M. Gilles, Mme Mimiague

T. com. Lille Métropole, du 3 déc. 2019,…

3 décembre 2019

Par contrat du 31 janvier 2012, la société Jacadi a concédé à titre exclusif à la société de droit anglais Grosvenor resources limited représentée par Mme X la distribution des produits Jacadi dans le quartier de Chelsea à Londres. Ce contrat précise être conclu intuitu personae à l'égard de Mme X, pour une durée d'une année de test suivant l'ouverture du premier magasin, suivi le cas échéant de quatre années, prorogée jusqu'à la fin de la saison en cours. Il est encore précisé (article 24) que le contrat pourra être renouvelé pour une durée de cinq ans, la décision devant être prise et notifiée au moins six mois avant le terme, avec obligation d'établir un nouveau contrat, précision faite qu'en cas de non-renouvellement, aucune indemnité, de quelque nature qu'elle soit, ne sera due, pour quelque cause que ce soit. Par amendement, la société French Chidrens Wear Ltd a été substituée à la première personne morale concessionnaire.

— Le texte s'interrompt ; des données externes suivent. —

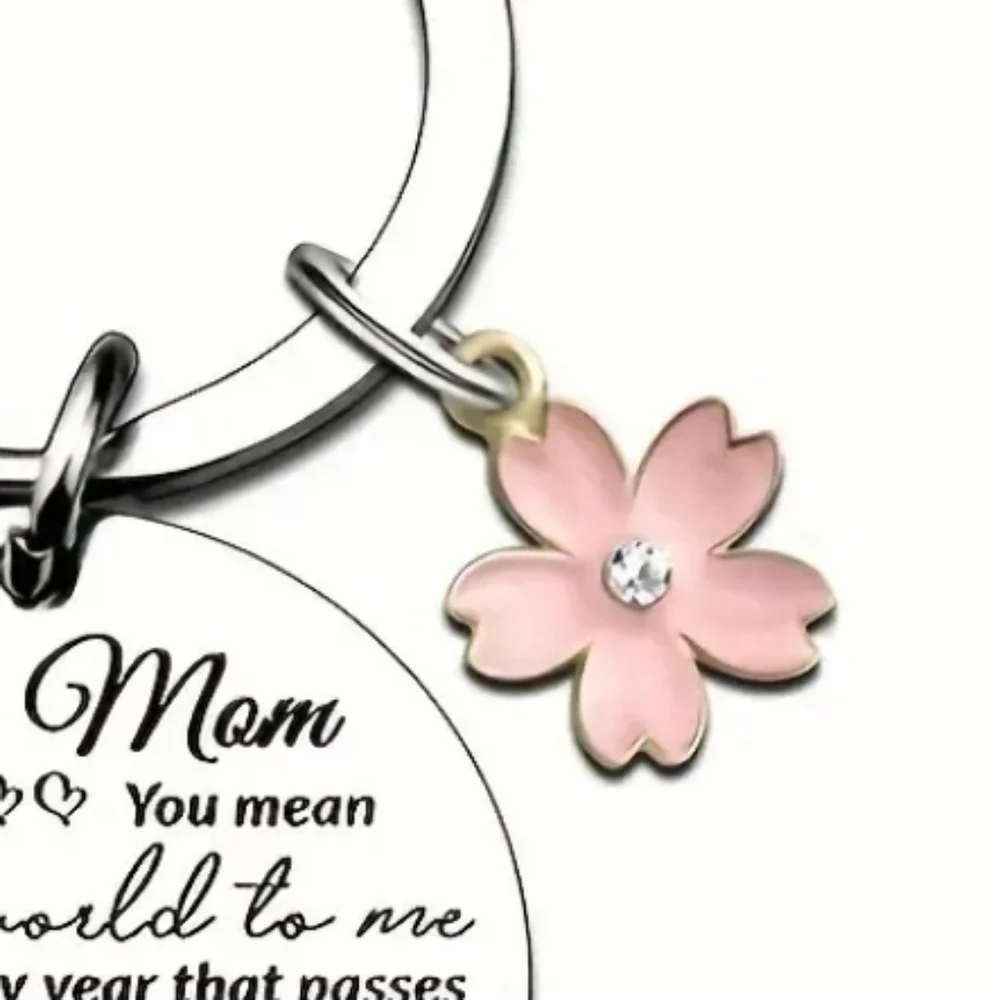 Personalized “Dear Mom” Bag Charm & Keychain 💖🌸✨ — “Grateful Love” - Picture 5 of 5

Ce contrat mentionne que le concessionnaire a reçu l'ensemble des informations précontractuelles légalement requises lors d'entretiens et au minimum plus de trente jours avant la signature. Il comporte une clause de non-concurrence post-contractuelle, limitée à une année après la cessation de la relation contractuelle (article 27). Ce contrat a été amendé par acte du 13 septembre 2012, conclu pour étendre le territoire concédé au quartier Knightsbridge à la condition de l'ouverture avant le 30 décembre 2012 d'un magasin dans Brampton Road. Le premier magasin a été ouvert le 6 octobre 2012. Le contrat de concession a été encore amendé par acte du 12 janvier 2015, conclu pour étendre le territoire concédé à 13 nouveaux districts à la condition d'ouvrir 10 nouveaux magasins avec un minimum d'une ouverture par an. Par acte du 24 décembre 2015, les parties sont encore convenues d'étendre le territoire concédé aux quartiers de Hampstead et Windsor, à compter de l'ouverture d'un point de vente. Le contrat a été amendé par acte du 21 mars 2016, portant sur des garanties de marge, sur la reprise d'invendus, sur des règles de fonctionnement dont la soumission du franchisé aux recommandations commerciales et aux prix agréés, avec clause pénale. Un dernier amendement, du 22 novembre 2016, a porté sur le changement d'adresse d'entrepôt du franchiseur.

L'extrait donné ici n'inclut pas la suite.